Twenty so-called "high-impact" countries identified in the report as accounting for 80 percent of energy consumption will need to lead the way on doubling the share of renewables to 36 percent of the global energy mix and doubling energy efficiency.
Decisive action is needed to achieve these goals, the report concludes, including more than doubled energy investments, as well as "a comprehensive package of policy measures, including fiscal, financial and economic incentives, phasing out fossil fuel subsidies, and pricing of carbon."
The report shows that China has recorded the largest energy savings and greatest expansion in renewable energy globally.
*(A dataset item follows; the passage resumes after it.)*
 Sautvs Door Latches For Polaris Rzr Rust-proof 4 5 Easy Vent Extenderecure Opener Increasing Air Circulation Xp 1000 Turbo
India has electrified an annual average of 24 million people and provided 20 million a year with access to modern cooking and heating fuels since 1990.
"In the report, we refer to high-impact countries that offer the most potential to make rapid progress towards the goals," said Vivien Foster, Energy Sector Manager at the World Bank, who led the report team. "This report suggests that they can draw lessons from the experience of what we call fast-moving countries. Interestingly, China and India fall in both categories."
It also calls on countries, international organizations, private sector investors and civil society to increase energy investments focused on the three objectives by at least $600 billion a year until 2030, more than doubling the current estimated $409 billion. The additional $600 billion would include $45 billion for electricity expansion, $4.4 billion on modern cooking, $394 billion in energy efficiency, and $174 billion on renewable energy.
Notes to Editors
The Sustainable Energy for All Global Tracking Framework report is coauthored by the World Bank and its Energy Sector Management Assistance Program (ESMAP) and the International Energy Agency, in partnership with 13 other agencies, including the Global Alliance for Clean Cookstoves, International Institute for Applied Systems Analysis (IIASA), International Partnership for Energy Efficiency Cooperation (IPEEC), International Renewable Energy Agency (IRENA), Practical Action, Renewable Energy Policy Network for the 21st century (REN21), United Nations Energy Knowledge Network, United Nations Foundation, United Nations Development Programme (UNDP), United Nations Environment Programme (UNEP), United Nations Industrial Development Organization (UNIDO), World Energy Council (WEC), and the World Health Organization (WHO).